**WHAT YOU HAVE TO DO:** Go through the records line by line and work out how many lines hold the word "symbol". Answer with the number only.

• • • • •

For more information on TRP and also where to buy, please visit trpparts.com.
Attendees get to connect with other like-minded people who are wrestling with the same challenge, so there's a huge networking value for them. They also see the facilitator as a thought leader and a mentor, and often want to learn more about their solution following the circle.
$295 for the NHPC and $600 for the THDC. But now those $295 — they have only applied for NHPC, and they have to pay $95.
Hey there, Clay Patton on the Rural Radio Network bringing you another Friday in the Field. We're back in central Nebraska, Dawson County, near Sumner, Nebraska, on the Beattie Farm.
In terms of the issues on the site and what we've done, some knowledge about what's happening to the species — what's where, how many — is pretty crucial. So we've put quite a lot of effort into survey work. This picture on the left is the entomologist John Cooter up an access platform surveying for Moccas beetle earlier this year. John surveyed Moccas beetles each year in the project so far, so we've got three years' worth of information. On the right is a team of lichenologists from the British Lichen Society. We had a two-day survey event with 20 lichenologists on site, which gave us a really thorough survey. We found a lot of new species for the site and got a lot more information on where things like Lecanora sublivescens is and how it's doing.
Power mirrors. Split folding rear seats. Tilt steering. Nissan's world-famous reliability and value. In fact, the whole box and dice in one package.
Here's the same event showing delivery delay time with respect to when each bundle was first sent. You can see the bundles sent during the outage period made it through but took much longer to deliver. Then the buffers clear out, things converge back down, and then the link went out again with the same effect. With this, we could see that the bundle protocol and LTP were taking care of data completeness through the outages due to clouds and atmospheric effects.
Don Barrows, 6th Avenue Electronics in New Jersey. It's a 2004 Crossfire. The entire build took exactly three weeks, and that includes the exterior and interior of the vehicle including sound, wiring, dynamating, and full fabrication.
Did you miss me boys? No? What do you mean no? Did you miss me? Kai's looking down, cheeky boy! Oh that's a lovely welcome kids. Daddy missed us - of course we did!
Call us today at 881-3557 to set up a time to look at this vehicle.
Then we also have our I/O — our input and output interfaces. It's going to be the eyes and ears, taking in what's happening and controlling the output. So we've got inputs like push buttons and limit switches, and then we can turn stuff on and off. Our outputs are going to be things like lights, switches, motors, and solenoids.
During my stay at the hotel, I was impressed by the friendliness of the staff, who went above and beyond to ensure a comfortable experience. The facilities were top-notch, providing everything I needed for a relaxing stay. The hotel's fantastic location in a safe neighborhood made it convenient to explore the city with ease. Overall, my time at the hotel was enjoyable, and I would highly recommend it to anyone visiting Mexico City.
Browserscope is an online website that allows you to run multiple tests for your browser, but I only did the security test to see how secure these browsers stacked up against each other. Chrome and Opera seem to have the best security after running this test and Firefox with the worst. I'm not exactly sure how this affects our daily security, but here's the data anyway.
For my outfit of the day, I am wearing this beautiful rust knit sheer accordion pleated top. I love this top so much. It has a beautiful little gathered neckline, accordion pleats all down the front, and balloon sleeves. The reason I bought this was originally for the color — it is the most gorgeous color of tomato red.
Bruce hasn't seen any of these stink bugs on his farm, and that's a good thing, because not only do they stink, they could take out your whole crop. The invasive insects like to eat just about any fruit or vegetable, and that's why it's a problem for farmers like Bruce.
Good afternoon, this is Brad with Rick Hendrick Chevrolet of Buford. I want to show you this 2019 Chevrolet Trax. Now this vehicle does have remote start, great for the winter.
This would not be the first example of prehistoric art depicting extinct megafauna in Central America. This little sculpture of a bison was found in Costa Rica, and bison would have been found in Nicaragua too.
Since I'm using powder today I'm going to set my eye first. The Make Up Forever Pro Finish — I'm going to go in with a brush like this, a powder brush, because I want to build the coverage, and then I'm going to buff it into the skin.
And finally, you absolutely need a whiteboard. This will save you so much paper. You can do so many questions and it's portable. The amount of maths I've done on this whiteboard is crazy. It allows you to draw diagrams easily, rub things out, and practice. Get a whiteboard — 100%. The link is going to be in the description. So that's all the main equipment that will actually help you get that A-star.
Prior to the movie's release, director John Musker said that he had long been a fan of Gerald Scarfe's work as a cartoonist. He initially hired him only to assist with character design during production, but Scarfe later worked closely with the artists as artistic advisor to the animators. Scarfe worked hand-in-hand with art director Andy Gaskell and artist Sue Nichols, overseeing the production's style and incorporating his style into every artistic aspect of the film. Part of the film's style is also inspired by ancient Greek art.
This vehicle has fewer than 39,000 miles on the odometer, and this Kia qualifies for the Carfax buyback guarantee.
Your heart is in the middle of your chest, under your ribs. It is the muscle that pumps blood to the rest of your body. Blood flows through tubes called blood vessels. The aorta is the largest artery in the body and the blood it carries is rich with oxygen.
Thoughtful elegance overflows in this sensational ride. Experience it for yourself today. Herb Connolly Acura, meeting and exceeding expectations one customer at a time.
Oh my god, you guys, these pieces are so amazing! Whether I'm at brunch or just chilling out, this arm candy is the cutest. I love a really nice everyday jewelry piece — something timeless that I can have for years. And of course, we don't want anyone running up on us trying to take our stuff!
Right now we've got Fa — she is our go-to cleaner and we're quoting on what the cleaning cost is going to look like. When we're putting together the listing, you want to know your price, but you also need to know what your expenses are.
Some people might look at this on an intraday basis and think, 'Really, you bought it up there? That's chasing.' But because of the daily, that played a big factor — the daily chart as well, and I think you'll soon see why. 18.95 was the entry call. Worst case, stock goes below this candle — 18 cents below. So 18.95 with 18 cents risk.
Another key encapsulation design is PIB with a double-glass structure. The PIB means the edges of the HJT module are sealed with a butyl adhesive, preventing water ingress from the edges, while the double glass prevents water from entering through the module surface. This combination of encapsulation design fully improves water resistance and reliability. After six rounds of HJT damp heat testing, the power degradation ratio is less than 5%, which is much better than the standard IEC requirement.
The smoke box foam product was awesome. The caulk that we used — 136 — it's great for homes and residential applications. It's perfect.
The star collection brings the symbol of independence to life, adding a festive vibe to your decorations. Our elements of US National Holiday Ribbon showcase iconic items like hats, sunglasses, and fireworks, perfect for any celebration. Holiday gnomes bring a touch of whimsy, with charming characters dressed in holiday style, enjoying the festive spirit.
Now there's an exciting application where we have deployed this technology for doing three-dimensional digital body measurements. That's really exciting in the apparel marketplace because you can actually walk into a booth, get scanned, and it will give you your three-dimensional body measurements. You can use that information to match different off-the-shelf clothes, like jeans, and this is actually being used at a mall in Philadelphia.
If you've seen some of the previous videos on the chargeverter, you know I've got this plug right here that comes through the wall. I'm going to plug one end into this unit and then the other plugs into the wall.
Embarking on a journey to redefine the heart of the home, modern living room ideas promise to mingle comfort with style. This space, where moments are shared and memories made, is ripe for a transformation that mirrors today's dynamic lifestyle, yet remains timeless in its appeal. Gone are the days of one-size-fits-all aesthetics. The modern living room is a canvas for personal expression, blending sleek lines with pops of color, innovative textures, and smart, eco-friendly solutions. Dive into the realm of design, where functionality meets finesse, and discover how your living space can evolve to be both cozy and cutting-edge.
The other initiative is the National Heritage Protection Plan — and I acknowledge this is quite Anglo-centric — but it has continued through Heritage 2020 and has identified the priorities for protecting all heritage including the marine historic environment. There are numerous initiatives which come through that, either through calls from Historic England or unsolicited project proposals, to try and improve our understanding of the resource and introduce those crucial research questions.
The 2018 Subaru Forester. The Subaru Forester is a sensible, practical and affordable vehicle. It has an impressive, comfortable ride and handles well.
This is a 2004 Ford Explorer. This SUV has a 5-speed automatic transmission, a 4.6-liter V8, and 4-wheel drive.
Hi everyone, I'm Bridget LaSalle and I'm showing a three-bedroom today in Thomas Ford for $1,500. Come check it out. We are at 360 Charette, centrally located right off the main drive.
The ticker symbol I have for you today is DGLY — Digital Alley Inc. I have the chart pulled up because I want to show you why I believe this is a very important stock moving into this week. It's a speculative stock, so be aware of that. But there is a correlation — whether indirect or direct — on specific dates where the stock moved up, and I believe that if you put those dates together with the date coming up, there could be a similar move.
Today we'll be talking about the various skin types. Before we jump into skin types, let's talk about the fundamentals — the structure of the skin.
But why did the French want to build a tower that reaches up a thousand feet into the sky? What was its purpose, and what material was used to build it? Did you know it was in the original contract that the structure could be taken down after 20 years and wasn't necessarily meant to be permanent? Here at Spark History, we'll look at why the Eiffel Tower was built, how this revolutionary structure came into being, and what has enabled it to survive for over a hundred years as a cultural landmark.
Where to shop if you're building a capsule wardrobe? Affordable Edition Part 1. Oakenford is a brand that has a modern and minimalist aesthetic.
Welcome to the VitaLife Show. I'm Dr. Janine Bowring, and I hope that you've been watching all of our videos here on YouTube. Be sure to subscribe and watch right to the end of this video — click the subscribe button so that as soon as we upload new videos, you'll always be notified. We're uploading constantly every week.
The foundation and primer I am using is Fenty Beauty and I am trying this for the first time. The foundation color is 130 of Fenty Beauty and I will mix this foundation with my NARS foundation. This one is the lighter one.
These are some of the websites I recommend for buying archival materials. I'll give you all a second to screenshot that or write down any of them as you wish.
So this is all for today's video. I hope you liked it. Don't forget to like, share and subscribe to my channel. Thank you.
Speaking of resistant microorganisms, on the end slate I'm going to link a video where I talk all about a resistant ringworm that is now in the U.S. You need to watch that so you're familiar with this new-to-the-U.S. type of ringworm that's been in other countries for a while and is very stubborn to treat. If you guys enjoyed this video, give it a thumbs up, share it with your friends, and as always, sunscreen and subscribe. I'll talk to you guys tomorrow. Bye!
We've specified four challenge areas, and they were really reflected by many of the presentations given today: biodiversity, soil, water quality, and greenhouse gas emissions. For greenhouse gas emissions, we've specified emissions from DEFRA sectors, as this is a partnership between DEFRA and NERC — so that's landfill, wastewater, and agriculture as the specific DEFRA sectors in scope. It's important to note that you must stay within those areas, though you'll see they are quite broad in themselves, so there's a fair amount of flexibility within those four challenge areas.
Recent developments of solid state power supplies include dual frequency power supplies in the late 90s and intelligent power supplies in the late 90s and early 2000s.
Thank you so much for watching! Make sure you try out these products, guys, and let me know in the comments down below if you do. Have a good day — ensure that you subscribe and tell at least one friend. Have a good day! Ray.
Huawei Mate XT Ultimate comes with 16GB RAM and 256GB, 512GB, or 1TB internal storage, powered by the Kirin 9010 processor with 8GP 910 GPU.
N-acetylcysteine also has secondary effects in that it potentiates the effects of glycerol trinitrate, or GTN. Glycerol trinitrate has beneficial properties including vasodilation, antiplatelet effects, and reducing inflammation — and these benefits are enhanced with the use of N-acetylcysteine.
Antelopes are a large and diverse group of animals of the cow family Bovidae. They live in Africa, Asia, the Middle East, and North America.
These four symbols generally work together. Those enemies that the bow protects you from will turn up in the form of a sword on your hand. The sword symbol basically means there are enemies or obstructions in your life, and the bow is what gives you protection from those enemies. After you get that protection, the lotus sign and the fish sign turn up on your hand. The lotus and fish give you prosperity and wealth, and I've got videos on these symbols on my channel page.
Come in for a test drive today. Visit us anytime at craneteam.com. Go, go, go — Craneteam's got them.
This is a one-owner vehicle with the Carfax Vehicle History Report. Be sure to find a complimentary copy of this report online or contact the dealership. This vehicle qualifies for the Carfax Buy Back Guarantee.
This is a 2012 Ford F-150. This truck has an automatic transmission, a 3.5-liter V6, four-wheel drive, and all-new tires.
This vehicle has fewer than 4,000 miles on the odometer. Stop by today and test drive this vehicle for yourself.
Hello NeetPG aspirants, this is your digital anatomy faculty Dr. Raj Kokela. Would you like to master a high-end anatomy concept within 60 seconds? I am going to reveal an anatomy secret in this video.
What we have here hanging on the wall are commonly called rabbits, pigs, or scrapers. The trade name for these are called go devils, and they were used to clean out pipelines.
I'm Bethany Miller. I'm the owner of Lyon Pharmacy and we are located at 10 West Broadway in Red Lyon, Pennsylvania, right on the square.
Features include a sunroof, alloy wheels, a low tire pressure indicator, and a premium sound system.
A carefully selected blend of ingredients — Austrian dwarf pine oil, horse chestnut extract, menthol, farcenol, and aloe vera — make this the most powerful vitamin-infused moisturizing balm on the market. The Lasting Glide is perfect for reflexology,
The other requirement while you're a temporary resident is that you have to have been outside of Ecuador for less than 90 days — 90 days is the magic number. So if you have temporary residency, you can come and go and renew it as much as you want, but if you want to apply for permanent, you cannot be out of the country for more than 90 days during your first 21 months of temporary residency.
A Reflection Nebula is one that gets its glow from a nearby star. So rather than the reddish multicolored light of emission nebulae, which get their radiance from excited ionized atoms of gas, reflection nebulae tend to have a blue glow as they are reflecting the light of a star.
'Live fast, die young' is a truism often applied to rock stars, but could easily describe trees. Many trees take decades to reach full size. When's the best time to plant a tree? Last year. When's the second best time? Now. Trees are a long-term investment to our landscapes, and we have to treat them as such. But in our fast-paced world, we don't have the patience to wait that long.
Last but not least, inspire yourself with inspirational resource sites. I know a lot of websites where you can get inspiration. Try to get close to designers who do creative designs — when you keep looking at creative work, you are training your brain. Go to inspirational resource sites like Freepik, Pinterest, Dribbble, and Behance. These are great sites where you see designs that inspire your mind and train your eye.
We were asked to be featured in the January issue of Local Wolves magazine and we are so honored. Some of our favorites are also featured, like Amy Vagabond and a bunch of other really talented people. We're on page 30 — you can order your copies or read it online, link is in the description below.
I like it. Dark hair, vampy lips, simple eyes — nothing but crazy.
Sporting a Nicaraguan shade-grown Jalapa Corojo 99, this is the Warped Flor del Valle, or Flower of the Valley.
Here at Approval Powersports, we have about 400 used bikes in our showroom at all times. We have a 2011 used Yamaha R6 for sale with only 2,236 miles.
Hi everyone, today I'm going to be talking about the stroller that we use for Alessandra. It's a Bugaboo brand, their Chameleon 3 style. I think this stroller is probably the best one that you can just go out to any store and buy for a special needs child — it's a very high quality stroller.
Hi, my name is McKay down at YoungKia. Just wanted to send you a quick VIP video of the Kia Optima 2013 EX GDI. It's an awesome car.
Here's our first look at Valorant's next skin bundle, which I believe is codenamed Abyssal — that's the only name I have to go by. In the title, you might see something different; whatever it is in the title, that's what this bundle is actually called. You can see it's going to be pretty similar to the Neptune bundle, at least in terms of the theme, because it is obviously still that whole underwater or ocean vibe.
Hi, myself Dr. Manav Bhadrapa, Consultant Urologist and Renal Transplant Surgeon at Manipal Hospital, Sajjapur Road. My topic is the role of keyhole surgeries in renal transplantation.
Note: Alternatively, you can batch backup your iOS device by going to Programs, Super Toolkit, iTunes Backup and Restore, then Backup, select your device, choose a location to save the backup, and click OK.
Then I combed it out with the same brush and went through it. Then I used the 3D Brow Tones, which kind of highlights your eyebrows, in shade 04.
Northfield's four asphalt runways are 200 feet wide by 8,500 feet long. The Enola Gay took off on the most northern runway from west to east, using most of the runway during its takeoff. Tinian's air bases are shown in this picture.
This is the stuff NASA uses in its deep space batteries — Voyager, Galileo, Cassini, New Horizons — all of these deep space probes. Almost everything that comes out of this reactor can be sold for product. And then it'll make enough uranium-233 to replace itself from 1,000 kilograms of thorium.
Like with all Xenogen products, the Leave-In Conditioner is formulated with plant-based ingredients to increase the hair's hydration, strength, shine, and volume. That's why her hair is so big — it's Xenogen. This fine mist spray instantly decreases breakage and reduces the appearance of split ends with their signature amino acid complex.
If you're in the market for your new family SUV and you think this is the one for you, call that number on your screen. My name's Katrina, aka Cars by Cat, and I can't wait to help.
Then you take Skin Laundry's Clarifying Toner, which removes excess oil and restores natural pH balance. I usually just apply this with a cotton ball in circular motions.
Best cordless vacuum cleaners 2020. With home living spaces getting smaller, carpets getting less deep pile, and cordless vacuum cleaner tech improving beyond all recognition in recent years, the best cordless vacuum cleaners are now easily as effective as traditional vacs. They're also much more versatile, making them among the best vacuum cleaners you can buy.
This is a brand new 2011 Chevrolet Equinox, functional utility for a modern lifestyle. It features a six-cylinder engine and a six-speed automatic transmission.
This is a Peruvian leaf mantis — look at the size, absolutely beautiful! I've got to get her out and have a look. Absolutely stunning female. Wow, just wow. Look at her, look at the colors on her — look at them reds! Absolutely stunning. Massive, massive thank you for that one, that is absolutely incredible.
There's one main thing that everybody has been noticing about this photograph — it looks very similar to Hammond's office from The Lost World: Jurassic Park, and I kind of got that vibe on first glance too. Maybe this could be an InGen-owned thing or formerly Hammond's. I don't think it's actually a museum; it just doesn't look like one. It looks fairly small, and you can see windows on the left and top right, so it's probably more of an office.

• • • • •

**SOLUTION TO THIS TASK:** 3